The Institute for Development of Freedom of Information (IDFI), a civil society organization, published a study that stated that the Georgian government’s plan to raise public sector salaries by 10% per year until 2026 “raises doubts about an attempt to gain the loyalty of the public sector.”
The study, published on August 2, emphasized that the planned wage increase will raise the total budget for salaries in the public sector to GEL 2.55 billion (USD 935.7 million) by 2026, which is GEL 900 million (330.2 million) or 55% higher than in 2021. It further noted that today there are 301,500 public sector employees which is the highest figure in the last ten years.
IDFI highlighted that overall, “it remains a significant problem to ensure a fair and competitive compensation system for civil servants.” They linked the problem with a non-optimal bureaucratic apparatus and accentuated the system must be reformed in order to align bureaucratic costs with the economic challenges in the country and to maintain a competitive public service.
IDFI denoted that in order to avoid the budgetary burden expected by the increases and to ensure a fair process raises should be carried out to the degree that it will not increase the burden of labor costs in the state budget.

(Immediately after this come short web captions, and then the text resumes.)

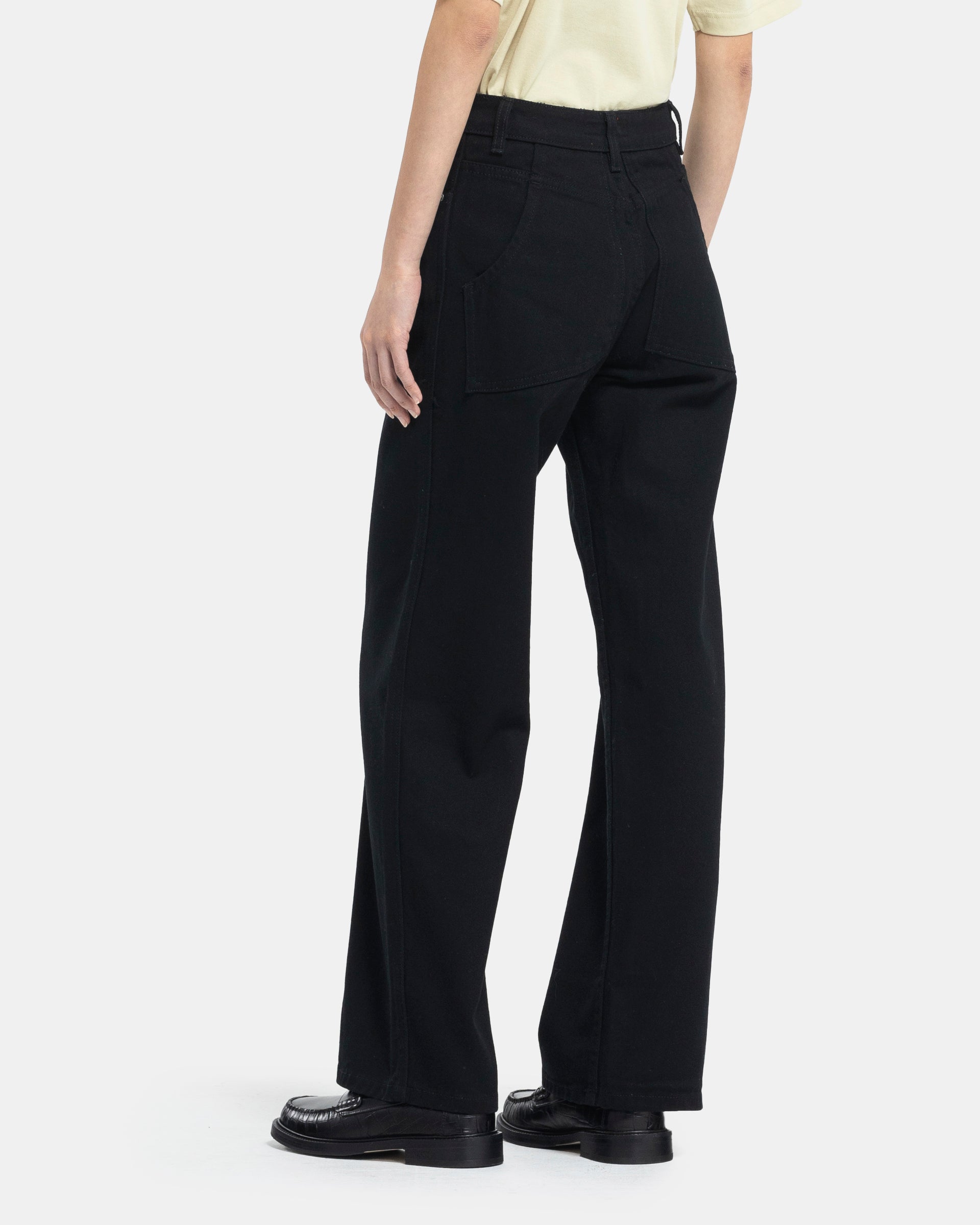 Wide-Leg Jean in Almost Black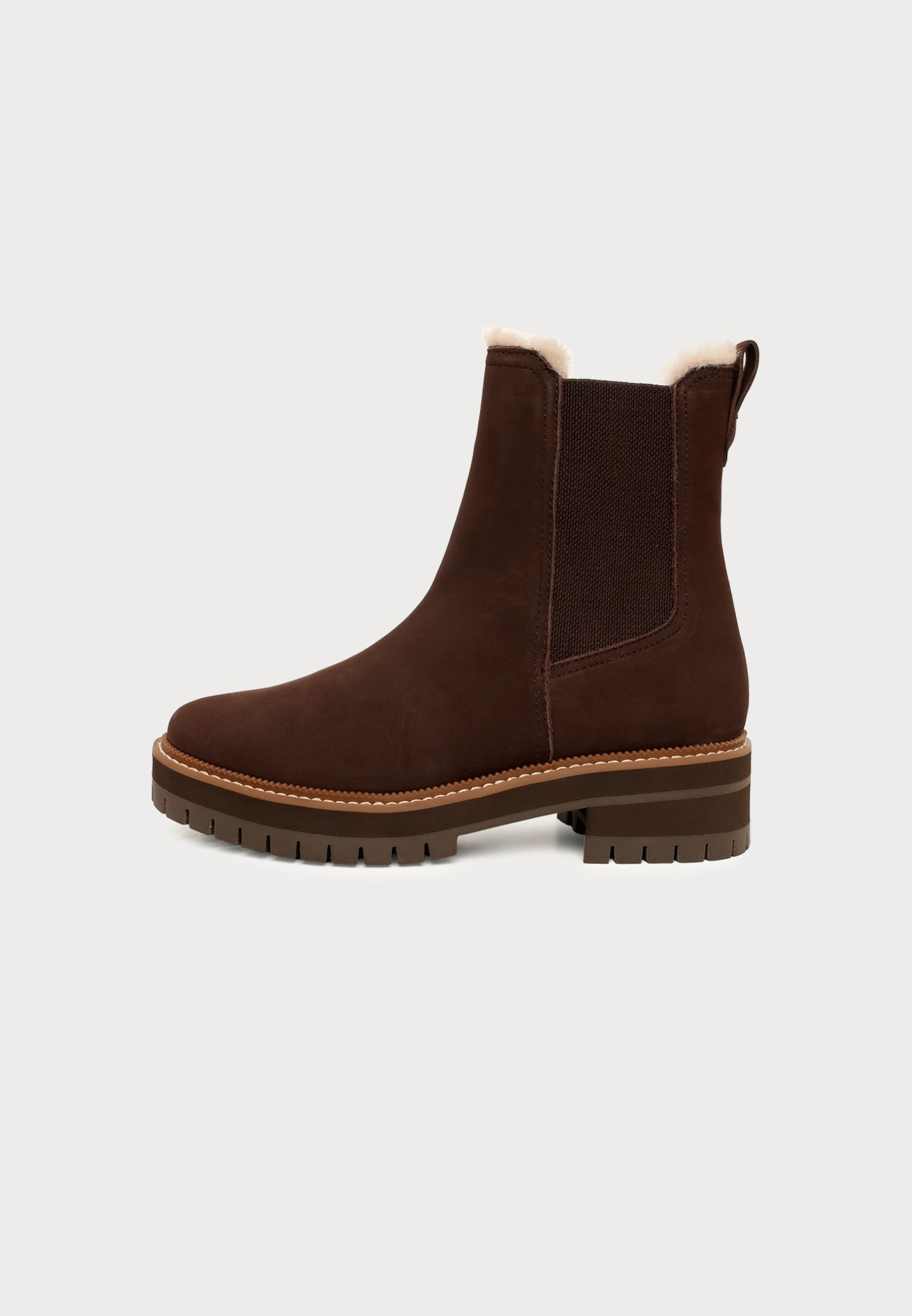 TOMS Chelsea boots dam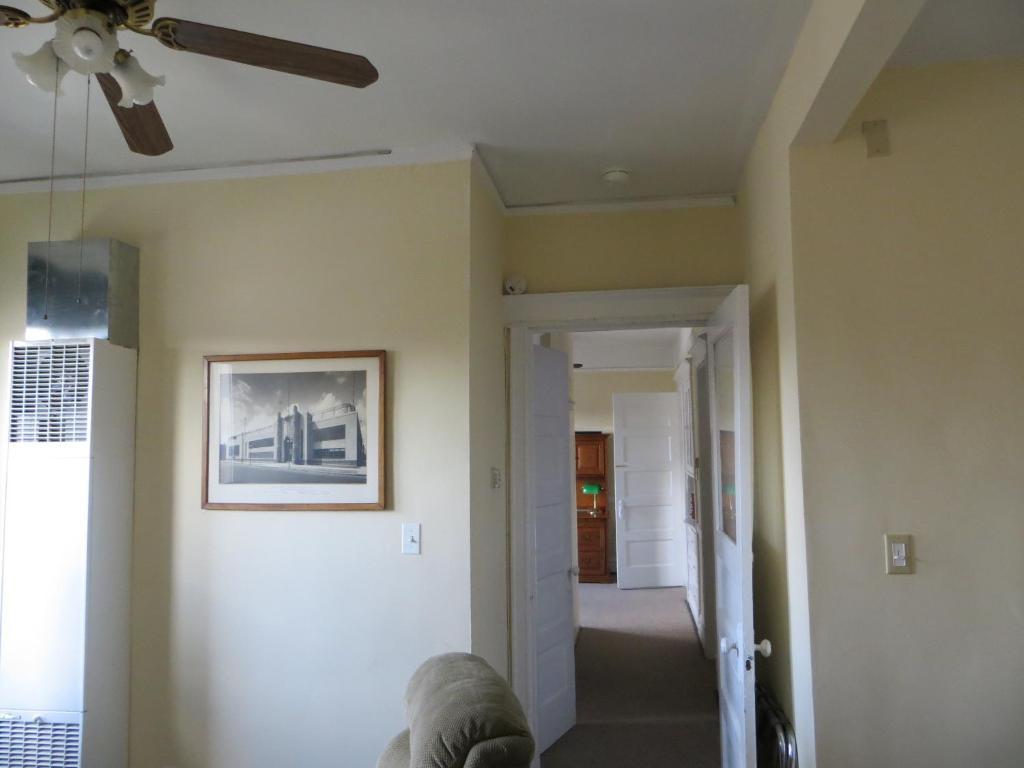 The Polo Inn Bridgeport U.S.A. Чикаго Екстериор снимка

Along this line, the CSO underscored that any salary increase must be based on “the needs identified by a detailed study of the labor market and not in equal proportion to all employees.”
They called on both the central and local governments to ensure the optimization of the bureaucratic system with special attention paid to the “unreasonably high rates of employees of state and municipal public enterprises, [and] the existing practice of contract employment.”
IDFI urged the State Audit Office to begin actively monitoring the effectiveness of Georgia’s bureaucratic apparatus and the costs of its maintenance until it reaches a proper level of optimization.